Duecentocinquanta donne giudice afgane nel mirino dei talebani
Duecentocinquanta donne giudice afgane nel mirino dei talebani. Non sono fra le persone che riceveranno un visto per lasciare il paese.
I talebani hanno detto alle donne di non uscire di casa. E hanno aggiunto: "È per la vostra sicurezza".
Ci sono circa duecentocinquanta donne giudice in Afganistan. Si tratta del dieci per cento della magistratura del paese. Una magistratura che ha provveduto in questi anni a condannare alla prigione le migliaia di talebani che venivano catturati e che adesso sono tornati in libertà.
E queste donne a volte formatesi negli Stati Uniti - come lo stesso presidente Ghani - probabilmente sono adesso nel mirino dei talebani. Poco importa se sono quelli che hanno fatto condannare o altri.
Lo scorso gennaio quando ancora la NATO aveva un certo controllo del paese due di loro erano state uccise in un attentato.
A riportare la notizia è Affari internazionali, qualche giorno fa. Notizia che è poi rimbalzata su diversi mezzi di comunicazione.
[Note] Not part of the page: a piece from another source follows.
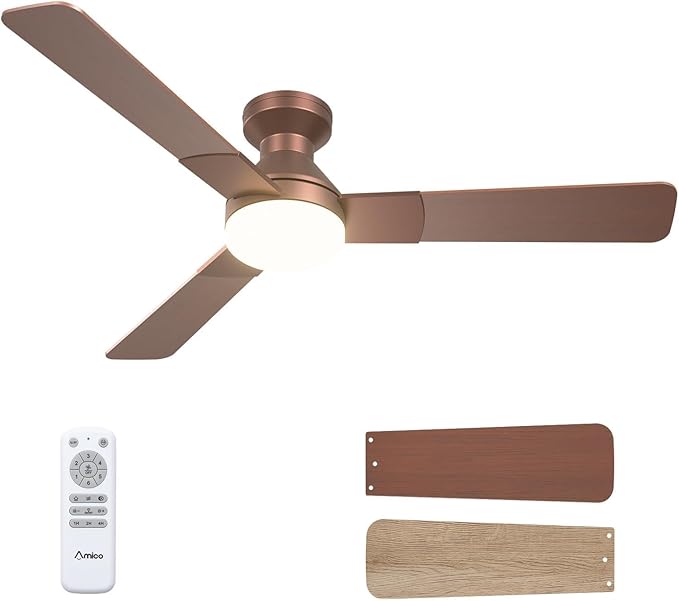Amico 52 Inch Brown Low Profile Ceiling Fans with Lights and Remote | Flush mount, 3-color dimmable light, quiet reversible DC motor, easy install, memory, timer, bedroom, covered outdoor areas
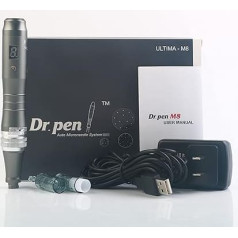 Elektrinis mikrojadrų rašiklis M8 Microneedle Pen Įkraunamas mikrojadrų rašiklis Microneedling Pen Odos priežiūros įrankių rinkinys su 2 kasetėmis 16 kontaktų (įkraunamas)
Per altro queste donne lavoravano per il governo e non per i paesi della coalizione e quindi non riceveranno nessun visto per lasciare il paese.
Dopo l'esercito e le donne giudice sarà la volta dei leader sociali, dei difensori dei diritti umani, dei giornalisti, delle minoranze religiose, o dei membri della comunità Lgbt.
Soprattutto quando i riflettori non saranno più puntati su questo paese.
Se confrontiamo quanto sta accadendo in Afganistan con l'impegno di decenni in Bosnia, in Kosovo, in Iraq e Siria - dove una alleanza che comprendeva anche cinque paesi arabi ha sconfitto l'Isis - si fa fatica a capire la fuga dall'Afganistan da un lato e il mancato coinvolgimento dei paesi mussulmani dall'altro.